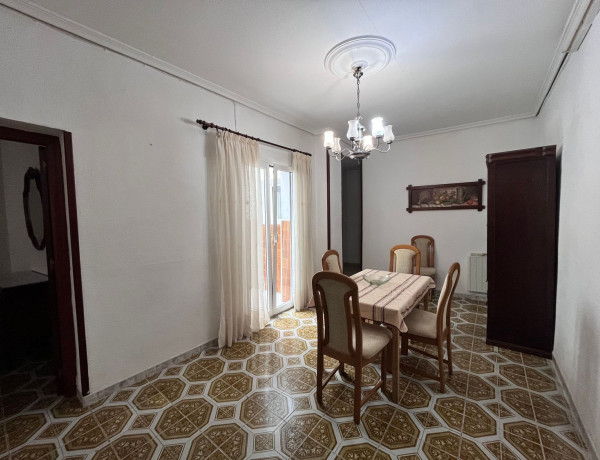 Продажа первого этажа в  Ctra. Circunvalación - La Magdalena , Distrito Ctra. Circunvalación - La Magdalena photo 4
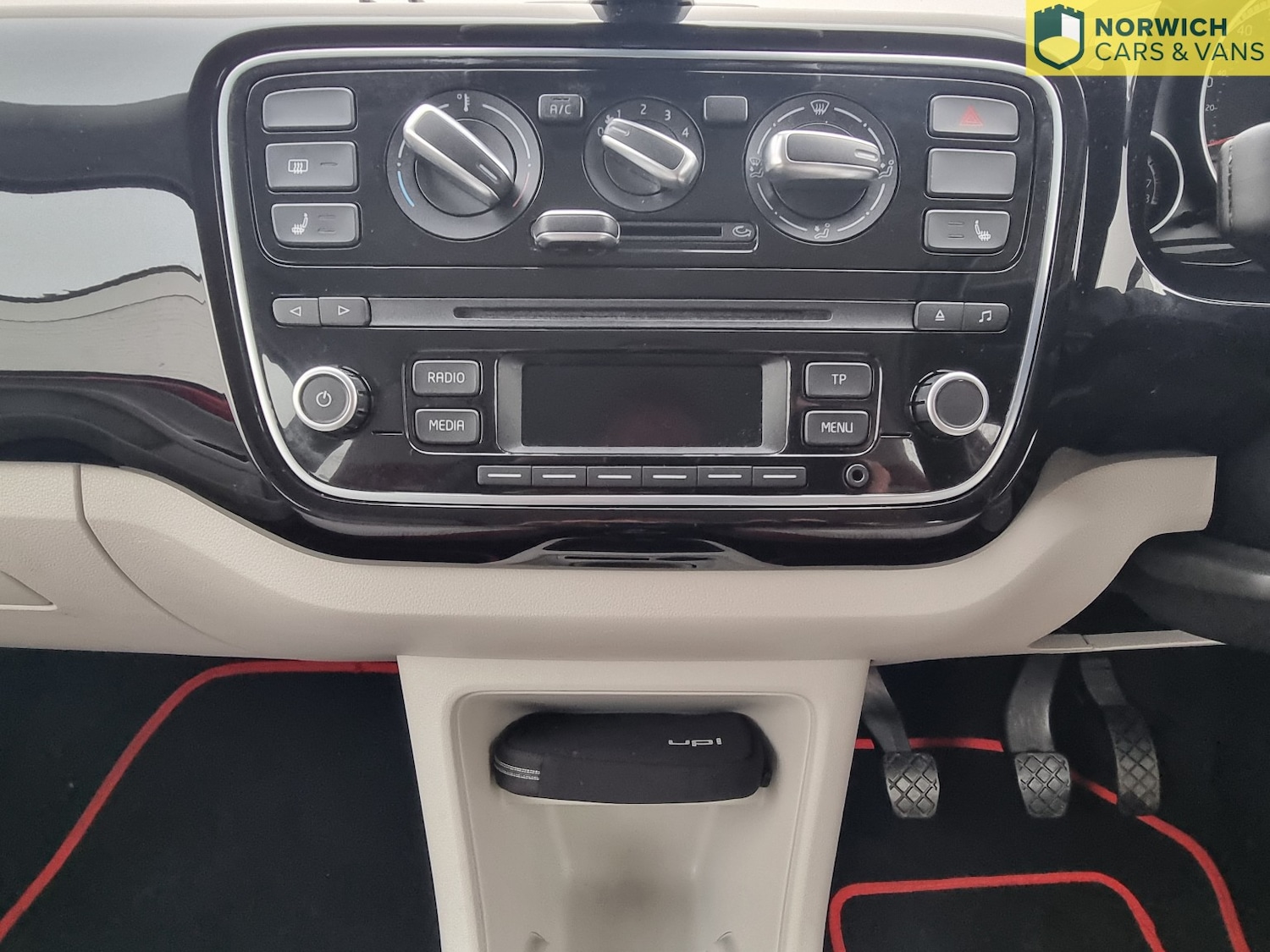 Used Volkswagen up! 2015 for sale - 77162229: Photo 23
--
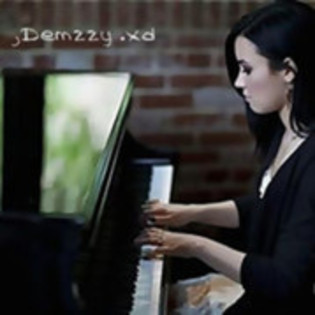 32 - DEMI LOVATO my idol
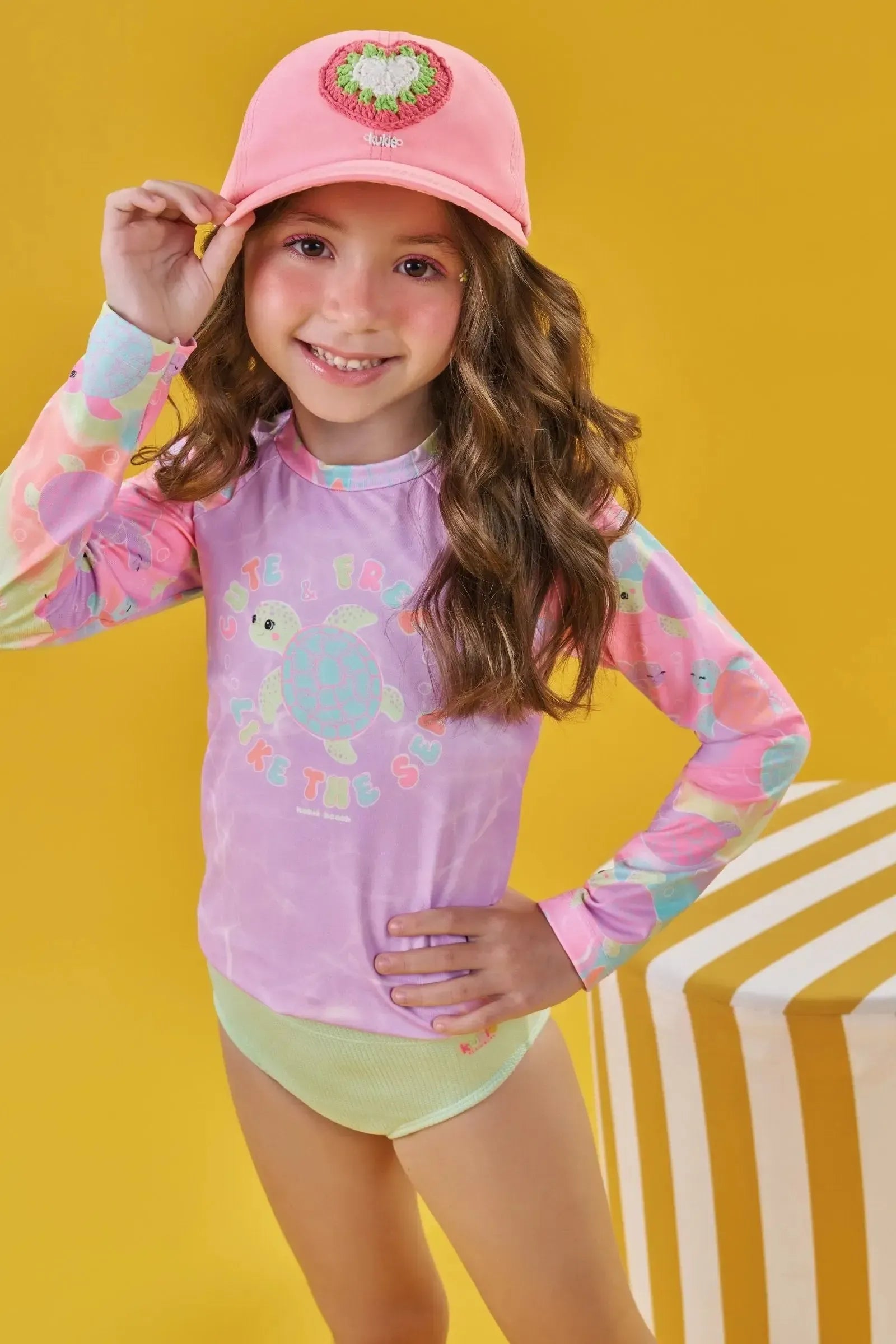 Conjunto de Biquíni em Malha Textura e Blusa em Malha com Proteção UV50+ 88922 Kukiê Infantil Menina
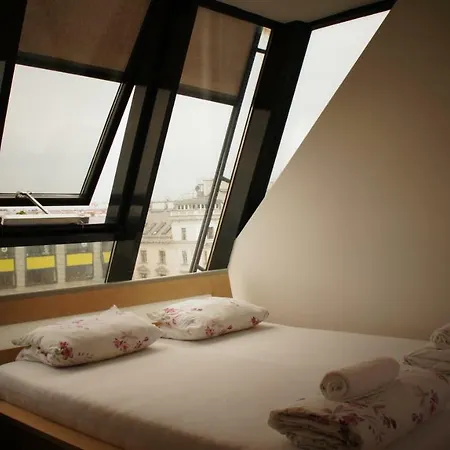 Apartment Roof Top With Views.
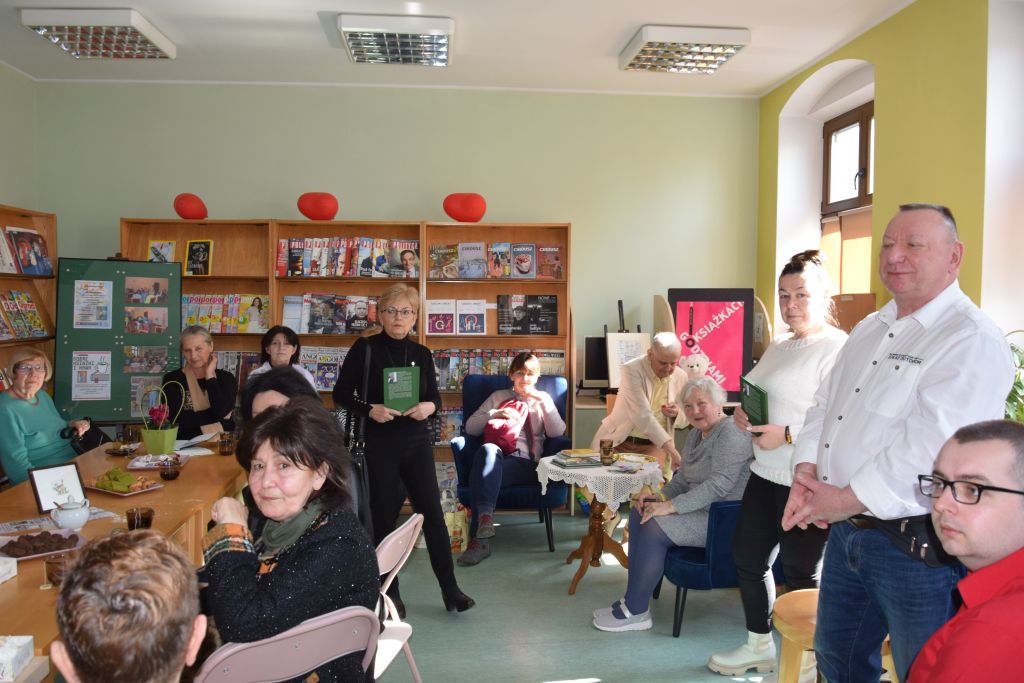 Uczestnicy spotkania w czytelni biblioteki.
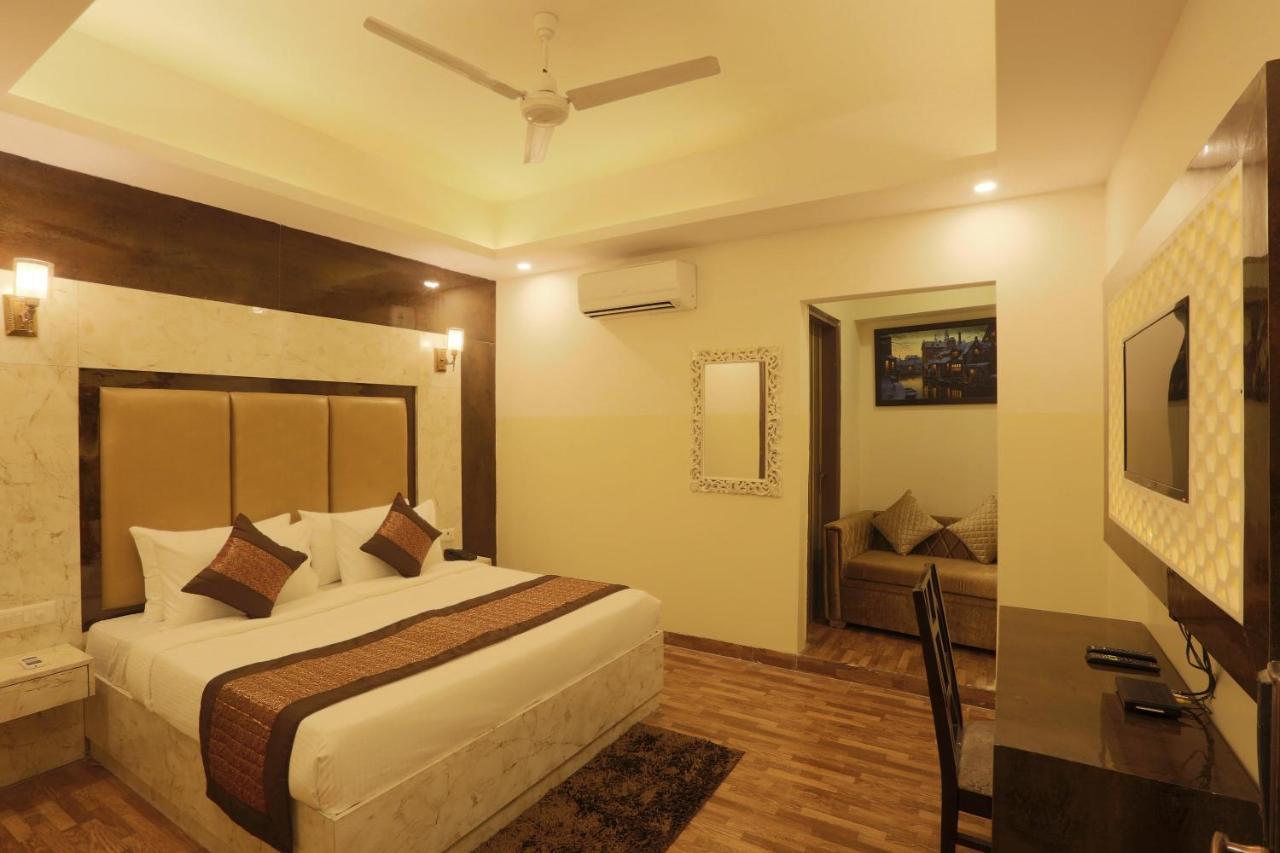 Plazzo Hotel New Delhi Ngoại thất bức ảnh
--
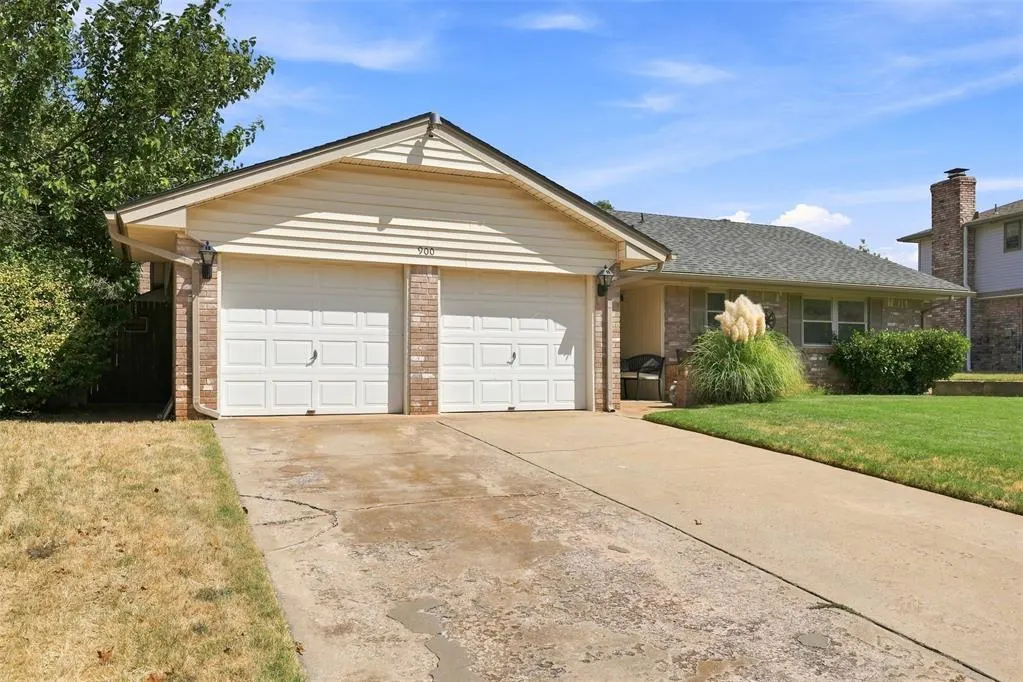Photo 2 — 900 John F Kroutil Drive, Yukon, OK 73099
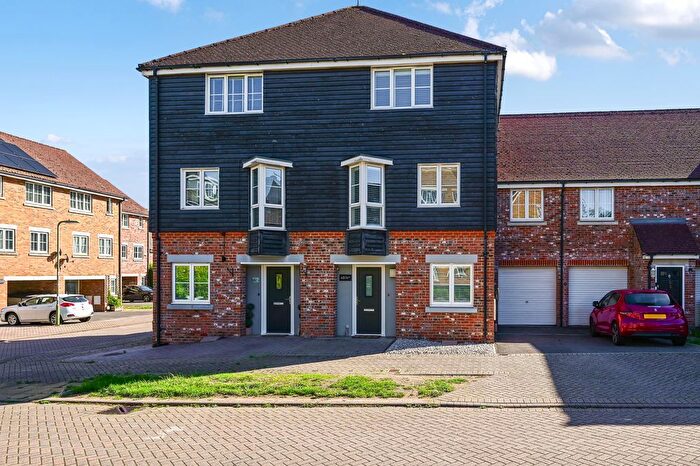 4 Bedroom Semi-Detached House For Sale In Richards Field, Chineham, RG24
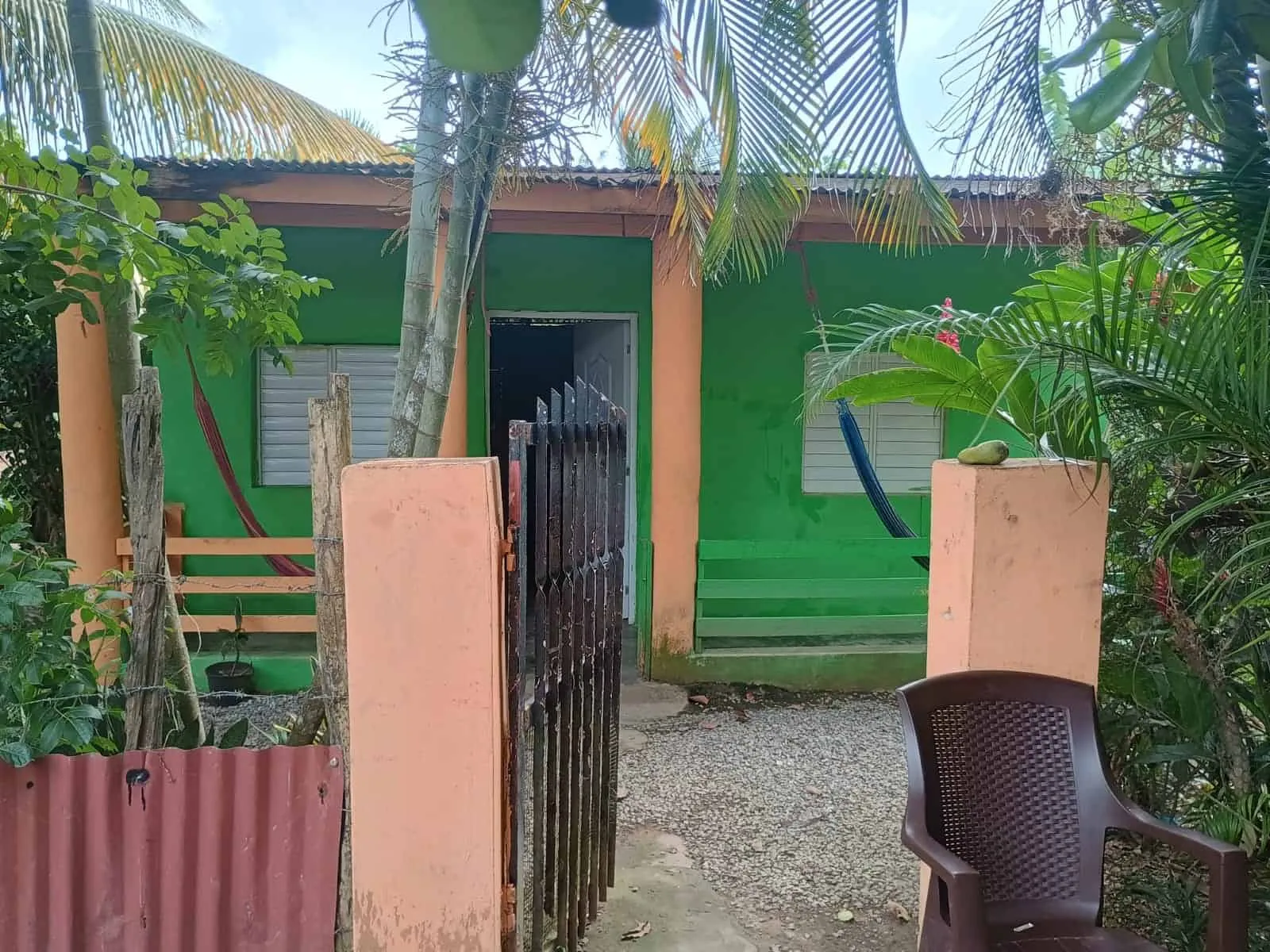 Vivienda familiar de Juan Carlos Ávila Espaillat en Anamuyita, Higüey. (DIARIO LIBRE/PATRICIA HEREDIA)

- [Exercise details] Having found the line with "Photo 2 — 900" and the line with "Vivienda familiar de" in the material above, write out exactly those two and every line between, leaving the pictures out.

- [Solved problem]
Photo 2 — 900 John F Kroutil Drive, Yukon, OK 73099
 4 Bedroom Semi-Detached House For Sale In Richards Field, Chineham, RG24
 Vivienda familiar de Juan Carlos Ávila Espaillat en Anamuyita, Higüey. (DIARIO LIBRE/PATRICIA HEREDIA)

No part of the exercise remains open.